Repeat the data verbatim.

── Material supplied

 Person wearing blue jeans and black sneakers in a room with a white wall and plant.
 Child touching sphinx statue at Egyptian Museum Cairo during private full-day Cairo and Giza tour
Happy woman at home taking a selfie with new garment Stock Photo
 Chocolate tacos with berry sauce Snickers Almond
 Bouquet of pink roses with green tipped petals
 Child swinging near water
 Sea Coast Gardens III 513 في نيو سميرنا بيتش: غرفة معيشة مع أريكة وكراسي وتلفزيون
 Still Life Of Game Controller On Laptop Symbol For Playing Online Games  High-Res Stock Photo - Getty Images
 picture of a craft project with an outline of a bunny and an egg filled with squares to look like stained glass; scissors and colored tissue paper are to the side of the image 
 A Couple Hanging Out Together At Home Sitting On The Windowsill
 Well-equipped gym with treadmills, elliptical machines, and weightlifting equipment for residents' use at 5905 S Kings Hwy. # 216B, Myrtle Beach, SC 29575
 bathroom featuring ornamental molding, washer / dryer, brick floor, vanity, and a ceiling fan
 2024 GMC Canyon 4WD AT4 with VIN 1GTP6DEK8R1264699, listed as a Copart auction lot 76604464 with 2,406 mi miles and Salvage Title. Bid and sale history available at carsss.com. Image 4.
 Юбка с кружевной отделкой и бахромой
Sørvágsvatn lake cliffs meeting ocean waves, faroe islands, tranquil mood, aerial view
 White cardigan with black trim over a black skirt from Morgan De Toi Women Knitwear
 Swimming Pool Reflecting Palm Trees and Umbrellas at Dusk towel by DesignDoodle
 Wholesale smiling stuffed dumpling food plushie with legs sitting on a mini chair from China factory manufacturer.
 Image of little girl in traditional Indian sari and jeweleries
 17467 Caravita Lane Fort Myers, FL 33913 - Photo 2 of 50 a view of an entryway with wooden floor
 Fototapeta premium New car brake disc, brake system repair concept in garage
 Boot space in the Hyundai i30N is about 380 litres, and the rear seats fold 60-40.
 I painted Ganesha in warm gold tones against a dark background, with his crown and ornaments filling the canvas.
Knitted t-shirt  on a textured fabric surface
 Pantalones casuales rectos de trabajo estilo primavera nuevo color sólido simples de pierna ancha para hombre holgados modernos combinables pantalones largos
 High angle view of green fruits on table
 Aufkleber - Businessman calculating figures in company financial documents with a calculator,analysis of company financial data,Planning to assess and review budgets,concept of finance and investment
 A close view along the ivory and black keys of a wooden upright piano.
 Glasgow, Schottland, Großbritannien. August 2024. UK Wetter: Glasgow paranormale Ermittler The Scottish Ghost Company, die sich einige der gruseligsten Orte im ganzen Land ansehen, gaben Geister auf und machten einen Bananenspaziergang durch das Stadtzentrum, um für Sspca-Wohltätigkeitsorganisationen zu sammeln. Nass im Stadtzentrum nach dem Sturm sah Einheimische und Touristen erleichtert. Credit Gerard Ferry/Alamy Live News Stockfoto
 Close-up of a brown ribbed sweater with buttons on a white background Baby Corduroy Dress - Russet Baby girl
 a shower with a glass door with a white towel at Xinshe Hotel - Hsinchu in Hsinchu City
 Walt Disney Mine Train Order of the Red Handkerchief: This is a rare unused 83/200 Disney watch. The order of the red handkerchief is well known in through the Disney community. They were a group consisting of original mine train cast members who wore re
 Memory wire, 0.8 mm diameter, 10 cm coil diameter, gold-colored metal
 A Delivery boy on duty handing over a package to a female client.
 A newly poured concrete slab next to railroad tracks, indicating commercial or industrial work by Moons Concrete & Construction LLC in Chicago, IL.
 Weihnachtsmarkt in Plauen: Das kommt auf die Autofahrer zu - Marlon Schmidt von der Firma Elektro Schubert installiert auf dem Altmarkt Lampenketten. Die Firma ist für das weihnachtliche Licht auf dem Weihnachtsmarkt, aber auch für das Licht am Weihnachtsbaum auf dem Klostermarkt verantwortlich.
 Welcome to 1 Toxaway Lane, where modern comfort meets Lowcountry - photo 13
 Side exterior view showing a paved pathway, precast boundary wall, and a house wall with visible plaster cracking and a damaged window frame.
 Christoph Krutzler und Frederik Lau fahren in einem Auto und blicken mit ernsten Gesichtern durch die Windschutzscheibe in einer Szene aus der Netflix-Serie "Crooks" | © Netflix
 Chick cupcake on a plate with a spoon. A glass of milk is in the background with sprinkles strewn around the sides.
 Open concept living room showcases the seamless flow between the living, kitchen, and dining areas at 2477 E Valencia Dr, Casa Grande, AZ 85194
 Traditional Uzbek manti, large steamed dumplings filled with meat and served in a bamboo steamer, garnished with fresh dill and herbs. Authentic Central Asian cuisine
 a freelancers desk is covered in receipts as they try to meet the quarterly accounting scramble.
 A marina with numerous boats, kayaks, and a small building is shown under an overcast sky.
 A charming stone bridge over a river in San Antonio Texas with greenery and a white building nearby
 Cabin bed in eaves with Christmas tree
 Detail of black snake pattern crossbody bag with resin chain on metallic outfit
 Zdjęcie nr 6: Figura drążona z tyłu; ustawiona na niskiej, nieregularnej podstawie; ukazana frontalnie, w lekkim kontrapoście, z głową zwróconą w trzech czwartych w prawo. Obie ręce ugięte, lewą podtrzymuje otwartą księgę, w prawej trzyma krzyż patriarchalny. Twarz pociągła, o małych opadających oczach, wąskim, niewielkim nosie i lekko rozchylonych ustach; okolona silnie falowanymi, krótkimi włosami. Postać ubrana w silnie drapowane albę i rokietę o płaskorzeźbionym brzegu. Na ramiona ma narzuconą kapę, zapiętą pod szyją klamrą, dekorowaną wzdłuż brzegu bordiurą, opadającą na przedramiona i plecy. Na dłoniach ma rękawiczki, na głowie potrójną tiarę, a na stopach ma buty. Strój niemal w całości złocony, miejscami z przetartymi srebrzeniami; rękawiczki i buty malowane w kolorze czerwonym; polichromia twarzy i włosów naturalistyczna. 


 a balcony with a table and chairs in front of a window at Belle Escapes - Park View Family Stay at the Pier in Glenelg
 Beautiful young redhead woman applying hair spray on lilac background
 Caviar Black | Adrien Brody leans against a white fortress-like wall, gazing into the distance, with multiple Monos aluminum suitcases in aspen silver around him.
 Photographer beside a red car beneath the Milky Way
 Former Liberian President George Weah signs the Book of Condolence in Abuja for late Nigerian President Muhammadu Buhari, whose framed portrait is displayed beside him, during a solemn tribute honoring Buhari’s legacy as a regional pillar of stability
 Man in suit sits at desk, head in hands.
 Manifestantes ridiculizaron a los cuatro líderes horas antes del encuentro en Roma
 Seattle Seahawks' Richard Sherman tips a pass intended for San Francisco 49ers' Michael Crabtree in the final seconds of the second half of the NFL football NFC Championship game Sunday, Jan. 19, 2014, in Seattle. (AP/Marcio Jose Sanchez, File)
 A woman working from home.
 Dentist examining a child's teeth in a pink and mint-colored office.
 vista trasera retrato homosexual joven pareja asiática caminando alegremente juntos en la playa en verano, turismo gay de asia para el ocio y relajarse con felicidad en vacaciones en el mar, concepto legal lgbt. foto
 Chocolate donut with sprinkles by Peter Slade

────

= Response below =
 Person wearing blue jeans and black sneakers in a room with a white wall and plant.
 Child touching sphinx statue at Egyptian Museum Cairo during private full-day Cairo and Giza tour
Happy woman at home taking a selfie with new garment Stock Photo
 Chocolate tacos with berry sauce Snickers Almond
 Bouquet of pink roses with green tipped petals
 Child swinging near water
 Sea Coast Gardens III 513 في نيو سميرنا بيتش: غرفة معيشة مع أريكة وكراسي وتلفزيون
 Still Life Of Game Controller On Laptop Symbol For Playing Online Games  High-Res Stock Photo - Getty Images
 picture of a craft project with an outline of a bunny and an egg filled with squares to look like stained glass; scissors and colored tissue paper are to the side of the image 
 A Couple Hanging Out Together At Home Sitting On The Windowsill
 Well-equipped gym with treadmills, elliptical machines, and weightlifting equipment for residents' use at 5905 S Kings Hwy. # 216B, Myrtle Beach, SC 29575
 bathroom featuring ornamental molding, washer / dryer, brick floor, vanity, and a ceiling fan
 2024 GMC Canyon 4WD AT4 with VIN 1GTP6DEK8R1264699, listed as a Copart auction lot 76604464 with 2,406 mi miles and Salvage Title. Bid and sale history available at carsss.com. Image 4.
 Юбка с кружевной отделкой и бахромой
Sørvágsvatn lake cliffs meeting ocean waves, faroe islands, tranquil mood, aerial view
 White cardigan with black trim over a black skirt from Morgan De Toi Women Knitwear
 Swimming Pool Reflecting Palm Trees and Umbrellas at Dusk towel by DesignDoodle
 Wholesale smiling stuffed dumpling food plushie with legs sitting on a mini chair from China factory manufacturer.
 Image of little girl in traditional Indian sari and jeweleries
 17467 Caravita Lane Fort Myers, FL 33913 - Photo 2 of 50 a view of an entryway with wooden floor
 Fototapeta premium New car brake disc, brake system repair concept in garage
 Boot space in the Hyundai i30N is about 380 litres, and the rear seats fold 60-40.
 I painted Ganesha in warm gold tones against a dark background, with his crown and ornaments filling the canvas.
Knitted t-shirt  on a textured fabric surface
 Pantalones casuales rectos de trabajo estilo primavera nuevo color sólido simples de pierna ancha para hombre holgados modernos combinables pantalones largos
 High angle view of green fruits on table
 Aufkleber - Businessman calculating figures in company financial documents with a calculator,analysis of company financial data,Planning to assess and review budgets,concept of finance and investment
 A close view along the ivory and black keys of a wooden upright piano.
 Glasgow, Schottland, Großbritannien. August 2024. UK Wetter: Glasgow paranormale Ermittler The Scottish Ghost Company, die sich einige der gruseligsten Orte im ganzen Land ansehen, gaben Geister auf und machten einen Bananenspaziergang durch das Stadtzentrum, um für Sspca-Wohltätigkeitsorganisationen zu sammeln. Nass im Stadtzentrum nach dem Sturm sah Einheimische und Touristen erleichtert. Credit Gerard Ferry/Alamy Live News Stockfoto
 Close-up of a brown ribbed sweater with buttons on a white background Baby Corduroy Dress - Russet Baby girl
 a shower with a glass door with a white towel at Xinshe Hotel - Hsinchu in Hsinchu City
 Walt Disney Mine Train Order of the Red Handkerchief: This is a rare unused 83/200 Disney watch. The order of the red handkerchief is well known in through the Disney community. They were a group consisting of original mine train cast members who wore re
 Memory wire, 0.8 mm diameter, 10 cm coil diameter, gold-colored metal
 A Delivery boy on duty handing over a package to a female client.
 A newly poured concrete slab next to railroad tracks, indicating commercial or industrial work by Moons Concrete & Construction LLC in Chicago, IL.
 Weihnachtsmarkt in Plauen: Das kommt auf die Autofahrer zu - Marlon Schmidt von der Firma Elektro Schubert installiert auf dem Altmarkt Lampenketten. Die Firma ist für das weihnachtliche Licht auf dem Weihnachtsmarkt, aber auch für das Licht am Weihnachtsbaum auf dem Klostermarkt verantwortlich.
 Welcome to 1 Toxaway Lane, where modern comfort meets Lowcountry - photo 13
 Side exterior view showing a paved pathway, precast boundary wall, and a house wall with visible plaster cracking and a damaged window frame.
 Christoph Krutzler und Frederik Lau fahren in einem Auto und blicken mit ernsten Gesichtern durch die Windschutzscheibe in einer Szene aus der Netflix-Serie "Crooks" | © Netflix
 Chick cupcake on a plate with a spoon. A glass of milk is in the background with sprinkles strewn around the sides.
 Open concept living room showcases the seamless flow between the living, kitchen, and dining areas at 2477 E Valencia Dr, Casa Grande, AZ 85194
 Traditional Uzbek manti, large steamed dumplings filled with meat and served in a bamboo steamer, garnished with fresh dill and herbs. Authentic Central Asian cuisine
 a freelancers desk is covered in receipts as they try to meet the quarterly accounting scramble.
 A marina with numerous boats, kayaks, and a small building is shown under an overcast sky.
 A charming stone bridge over a river in San Antonio Texas with greenery and a white building nearby
 Cabin bed in eaves with Christmas tree
 Detail of black snake pattern crossbody bag with resin chain on metallic outfit
 Zdjęcie nr 6: Figura drążona z tyłu; ustawiona na niskiej, nieregularnej podstawie; ukazana frontalnie, w lekkim kontrapoście, z głową zwróconą w trzech czwartych w prawo. Obie ręce ugięte, lewą podtrzymuje otwartą księgę, w prawej trzyma krzyż patriarchalny. Twarz pociągła, o małych opadających oczach, wąskim, niewielkim nosie i lekko rozchylonych ustach; okolona silnie falowanymi, krótkimi włosami. Postać ubrana w silnie drapowane albę i rokietę o płaskorzeźbionym brzegu. Na ramiona ma narzuconą kapę, zapiętą pod szyją klamrą, dekorowaną wzdłuż brzegu bordiurą, opadającą na przedramiona i plecy. Na dłoniach ma rękawiczki, na głowie potrójną tiarę, a na stopach ma buty. Strój niemal w całości złocony, miejscami z przetartymi srebrzeniami; rękawiczki i buty malowane w kolorze czerwonym; polichromia twarzy i włosów naturalistyczna. 


 a balcony with a table and chairs in front of a window at Belle Escapes - Park View Family Stay at the Pier in Glenelg
 Beautiful young redhead woman applying hair spray on lilac background
 Caviar Black | Adrien Brody leans against a white fortress-like wall, gazing into the distance, with multiple Monos aluminum suitcases in aspen silver around him.
 Photographer beside a red car beneath the Milky Way
 Former Liberian President George Weah signs the Book of Condolence in Abuja for late Nigerian President Muhammadu Buhari, whose framed portrait is displayed beside him, during a solemn tribute honoring Buhari’s legacy as a regional pillar of stability
 Man in suit sits at desk, head in hands.
 Manifestantes ridiculizaron a los cuatro líderes horas antes del encuentro en Roma
 Seattle Seahawks' Richard Sherman tips a pass intended for San Francisco 49ers' Michael Crabtree in the final seconds of the second half of the NFL football NFC Championship game Sunday, Jan. 19, 2014, in Seattle. (AP/Marcio Jose Sanchez, File)
 A woman working from home.
 Dentist examining a child's teeth in a pink and mint-colored office.
 vista trasera retrato homosexual joven pareja asiática caminando alegremente juntos en la playa en verano, turismo gay de asia para el ocio y relajarse con felicidad en vacaciones en el mar, concepto legal lgbt. foto
 Chocolate donut with sprinkles by Peter Slade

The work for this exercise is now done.